Simon was the brainchild of Ralph H Baer, who in the 1960s had led development of the first home video game console, the Magnavox Odyssey. In the early 1970s he'd suffered the frustration of seeing Atari nick the idea behind his tennis game for the Odyssey, market it as 'Pong' and achieve huge success. But Baer and his colleague Howard Morrison had a plan which would result in sweet revenge.
They'd seen an Atari game in amusement arcades with the alluring name of 'Touch Me'. It stood a metre tall, weighed 55 kilos, and in exchange for 25 cents it allowed you to press four large buttons in a dull test of memory. Positioned next to frenetic action games like 'Astro Race', Touch Me was doomed to fail. But Baer and Morrison saw its potential as a handheld; they patented it, built a prototype and sold it to a delighted MB Games.
Once Simon-mania took hold, knock-offs were everywhere. If you've got an original, it'll have a green button top left, red top right, yellow bottom left and blue bottom right, the four notes forming a joyous, clarion-style fanfare in A major. Some versions, however, play a minor key, adding an air of wretched despondency to the gameplay.

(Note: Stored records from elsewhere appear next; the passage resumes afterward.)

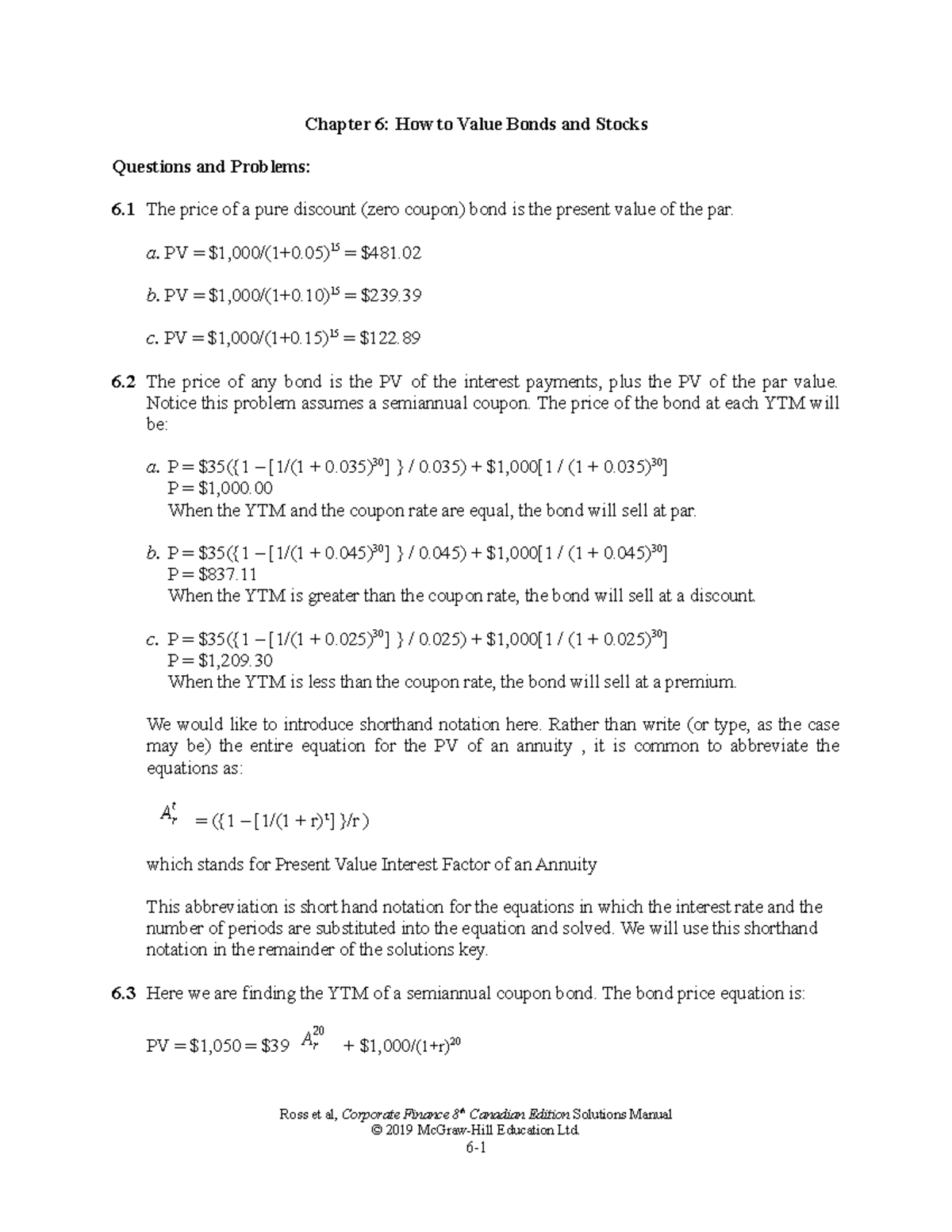 Ross CF 8ce SM Ch06 - Bond and Stock Valuation Solutions Manual - Studocu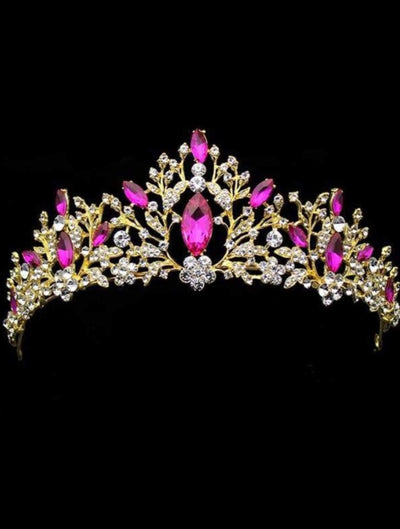 Girls Gold & Hot Pink Crystal Aurora Crown - hot pink - Hair Accessories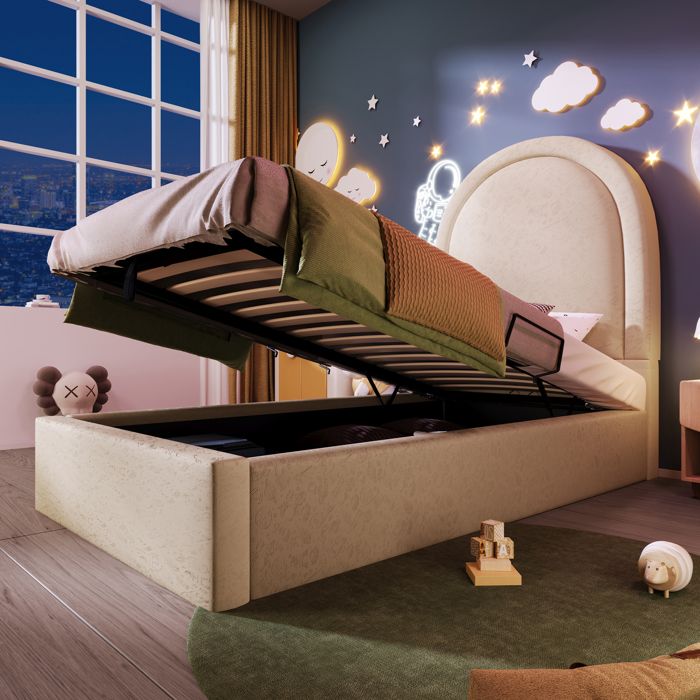 Lit bébé rembourré motif cosmique lit simple 90 x 200 cm beige matériau pu pour garçon et fille (sans matelas)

Rock legends Queen loved it, apparently. In his Ultimate Illustrated History of the band, writer Phil Sutcliffe notes that the cover of Queen's Hot Space album represents "their enthralment" with Simon. "Queen were signalling their use of Simon's capricious flashing lights as an aesthetic template for their own foray into the increasingly extreme hedonistic characteristics of the genre," he says, maybe alluding to rampant cocaine ingestion and promiscuous sexual activity, but maybe not.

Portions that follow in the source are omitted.